THE PROBLEM:
When you reach the line below that has "A bartender pours", start returning lines exactly, and stop after the line that has "Hard-boiled eggs provide"; skip the pictures.

DATA PROVIDED:
====
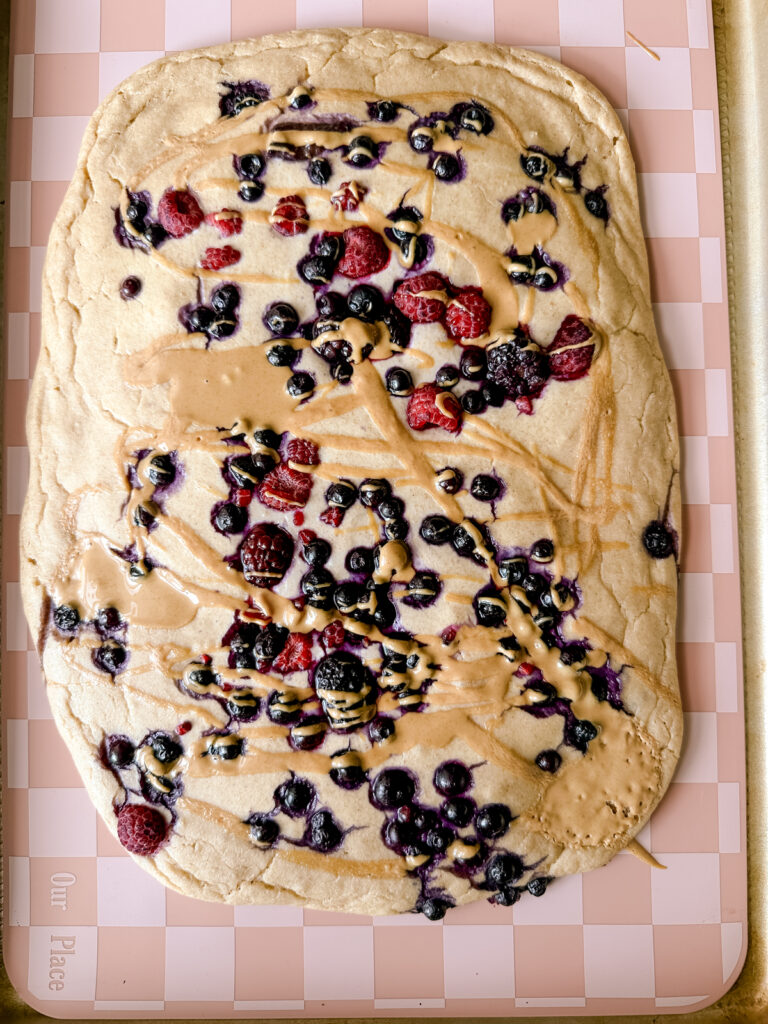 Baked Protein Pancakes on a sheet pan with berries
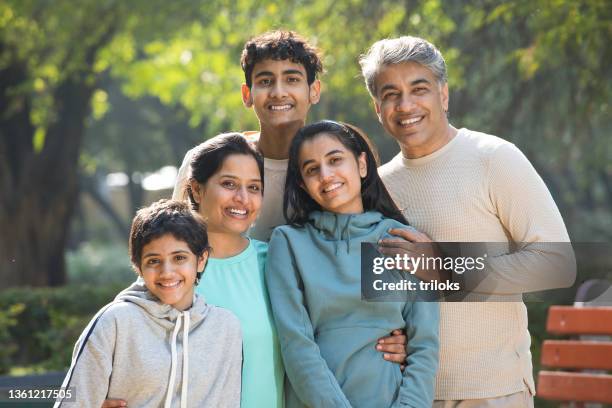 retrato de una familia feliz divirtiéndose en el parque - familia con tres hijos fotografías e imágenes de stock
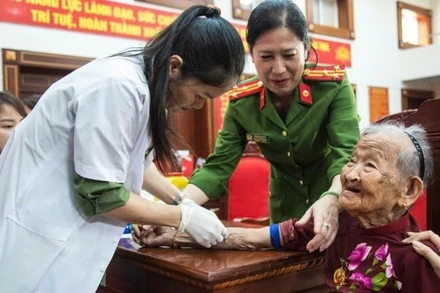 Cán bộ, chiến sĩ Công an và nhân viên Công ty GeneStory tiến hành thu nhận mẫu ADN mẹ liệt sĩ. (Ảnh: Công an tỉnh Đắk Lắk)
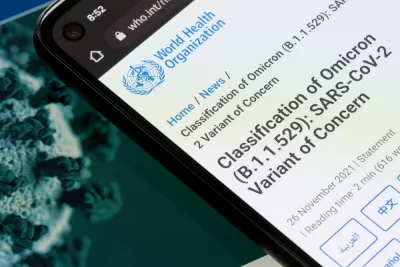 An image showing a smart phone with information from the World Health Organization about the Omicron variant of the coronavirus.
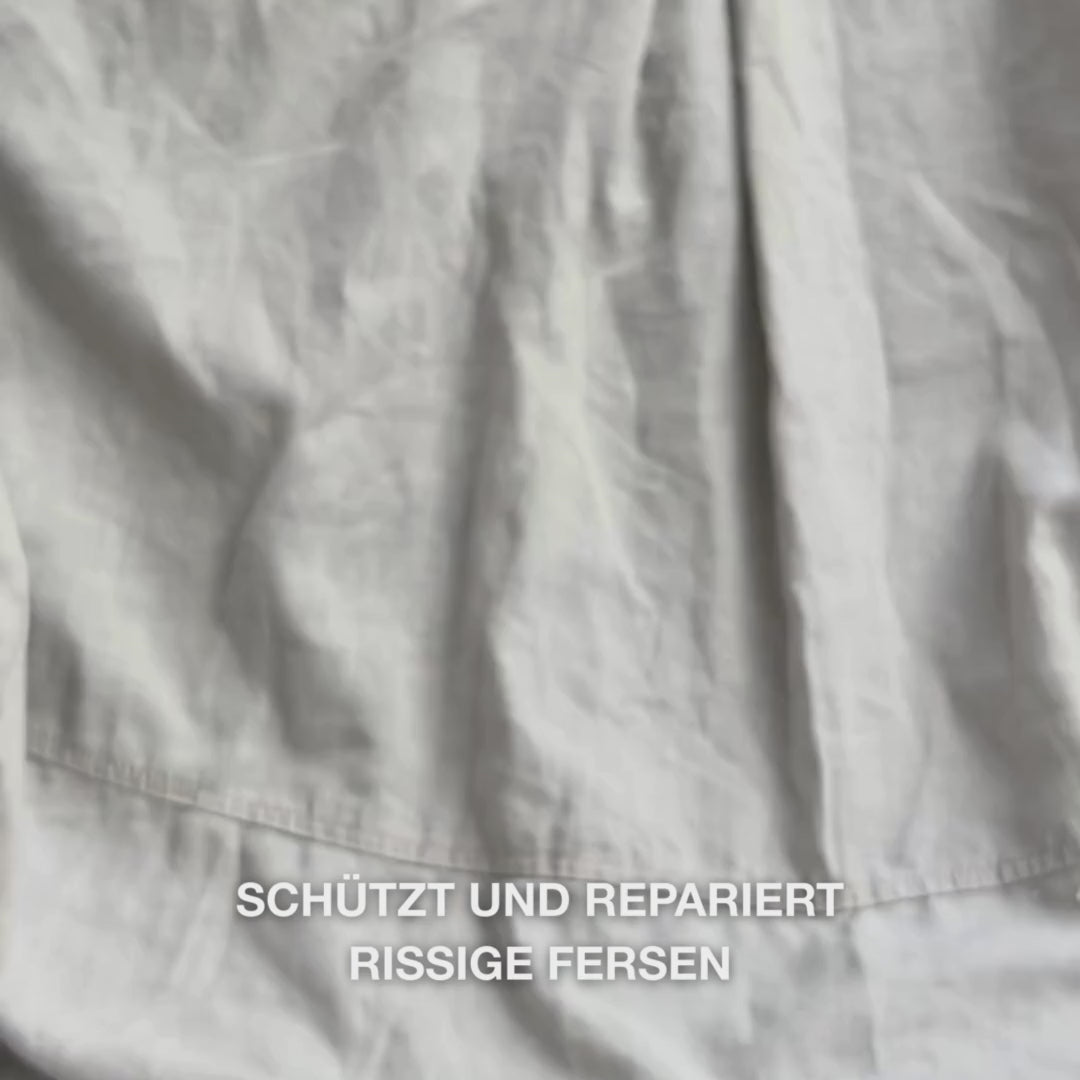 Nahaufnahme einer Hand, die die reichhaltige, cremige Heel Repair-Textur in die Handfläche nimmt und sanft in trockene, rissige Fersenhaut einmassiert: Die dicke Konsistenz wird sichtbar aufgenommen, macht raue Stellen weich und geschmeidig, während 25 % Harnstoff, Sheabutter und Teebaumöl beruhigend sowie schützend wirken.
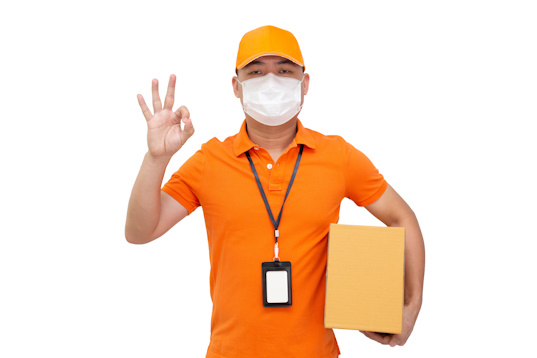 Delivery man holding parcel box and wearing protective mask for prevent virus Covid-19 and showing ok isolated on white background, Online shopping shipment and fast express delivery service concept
====
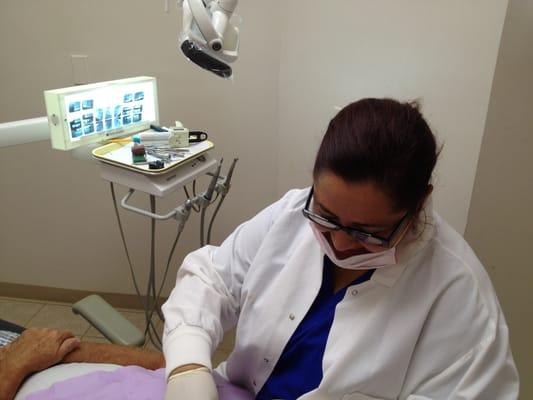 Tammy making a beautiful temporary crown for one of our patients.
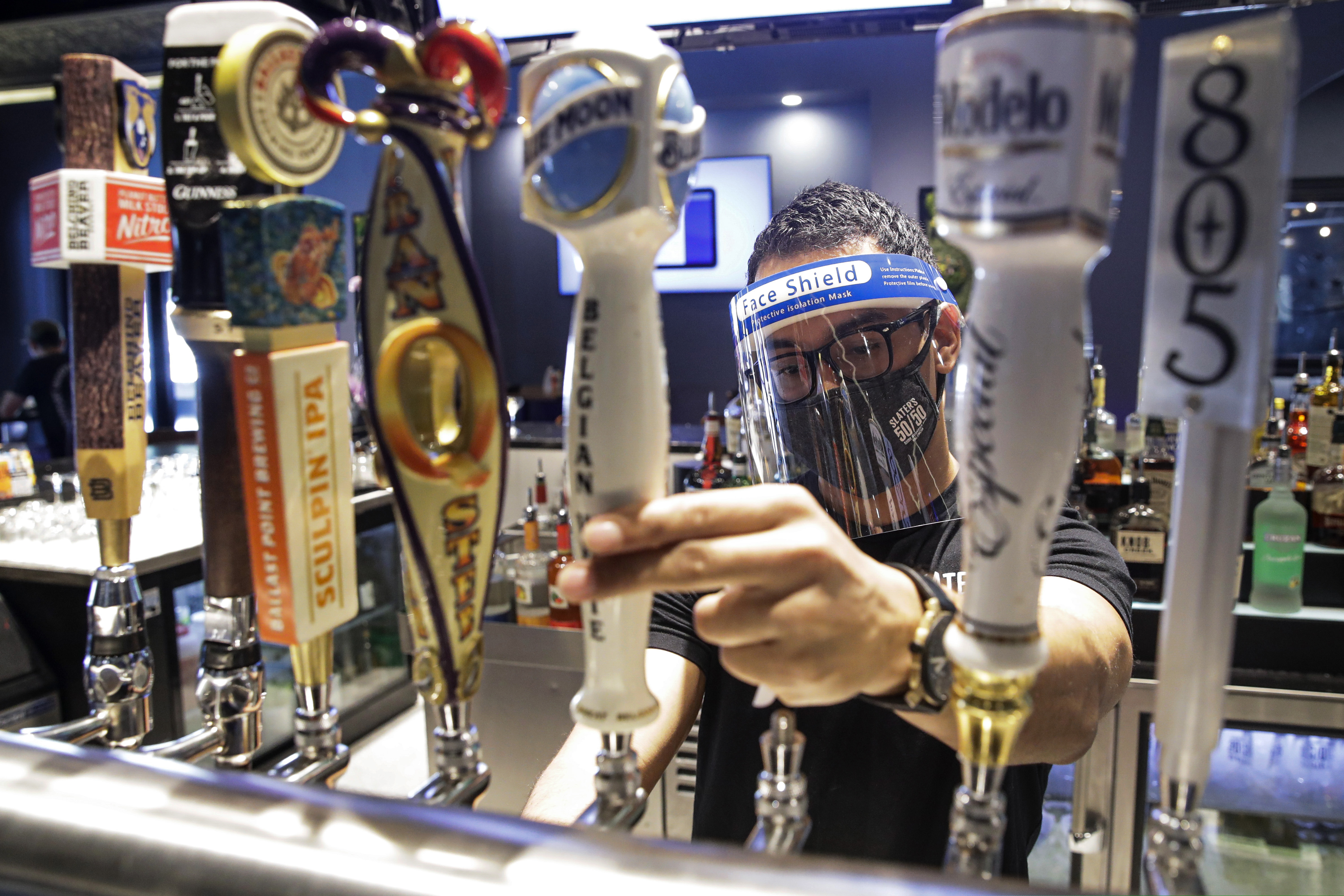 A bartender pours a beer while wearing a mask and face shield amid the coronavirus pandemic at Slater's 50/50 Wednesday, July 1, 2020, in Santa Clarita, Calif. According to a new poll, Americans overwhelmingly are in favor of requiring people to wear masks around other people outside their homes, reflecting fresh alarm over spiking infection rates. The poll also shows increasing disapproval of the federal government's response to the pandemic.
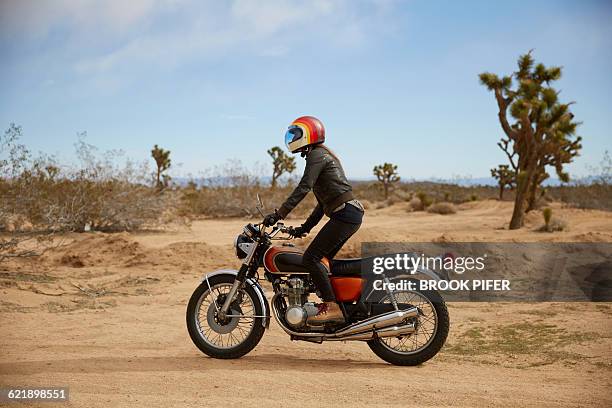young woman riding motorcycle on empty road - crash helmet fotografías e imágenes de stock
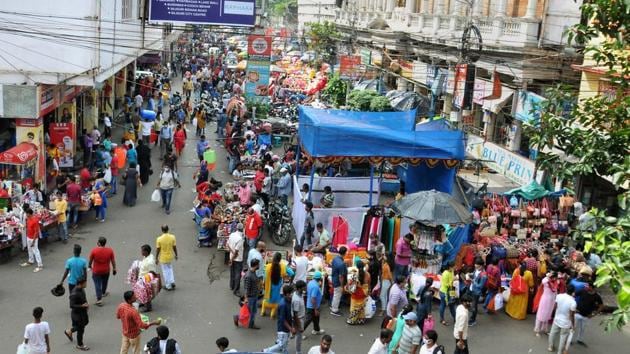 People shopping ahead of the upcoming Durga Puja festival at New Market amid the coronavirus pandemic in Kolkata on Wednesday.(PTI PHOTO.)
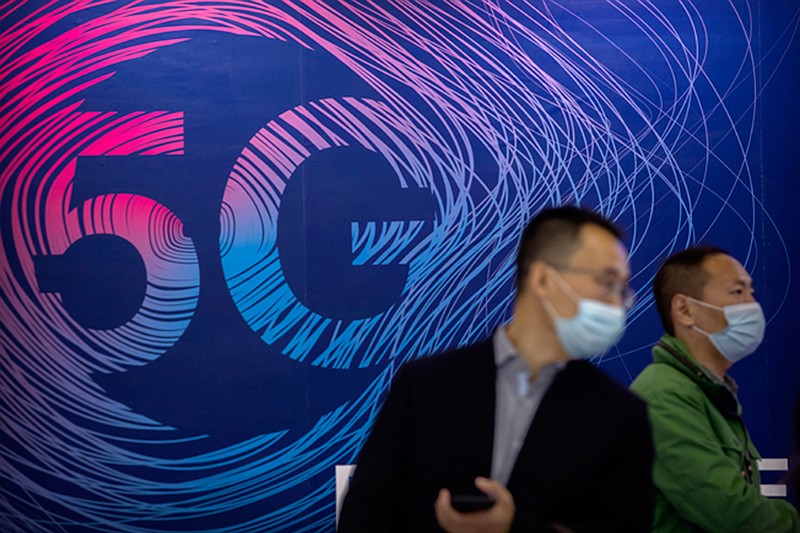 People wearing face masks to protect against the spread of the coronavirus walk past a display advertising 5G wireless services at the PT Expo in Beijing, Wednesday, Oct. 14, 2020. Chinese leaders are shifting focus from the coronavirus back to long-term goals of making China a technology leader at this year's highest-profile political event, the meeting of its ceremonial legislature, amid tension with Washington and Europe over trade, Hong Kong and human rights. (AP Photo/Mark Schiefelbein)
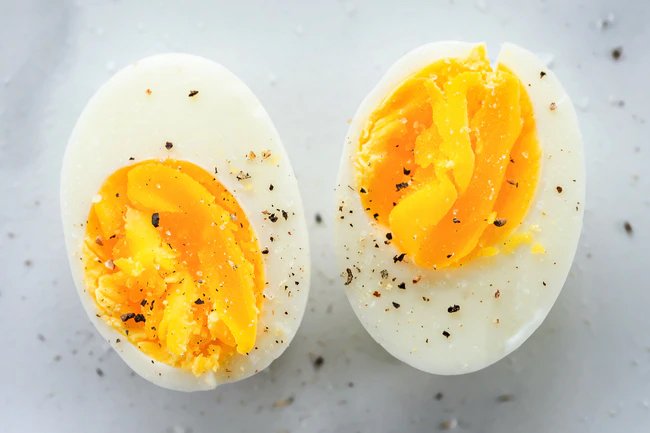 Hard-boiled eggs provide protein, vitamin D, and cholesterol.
====
SOLUTION:
 A bartender pours a beer while wearing a mask and face shield amid the coronavirus pandemic at Slater's 50/50 Wednesday, July 1, 2020, in Santa Clarita, Calif. According to a new poll, Americans overwhelmingly are in favor of requiring people to wear masks around other people outside their homes, reflecting fresh alarm over spiking infection rates. The poll also shows increasing disapproval of the federal government's response to the pandemic.
young woman riding motorcycle on empty road - crash helmet fotografías e imágenes de stock
 People shopping ahead of the upcoming Durga Puja festival at New Market amid the coronavirus pandemic in Kolkata on Wednesday.(PTI PHOTO.)
 People wearing face masks to protect against the spread of the coronavirus walk past a display advertising 5G wireless services at the PT Expo in Beijing, Wednesday, Oct. 14, 2020. Chinese leaders are shifting focus from the coronavirus back to long-term goals of making China a technology leader at this year's highest-profile political event, the meeting of its ceremonial legislature, amid tension with Washington and Europe over trade, Hong Kong and human rights. (AP Photo/Mark Schiefelbein)
 Hard-boiled eggs provide protein, vitamin D, and cholesterol.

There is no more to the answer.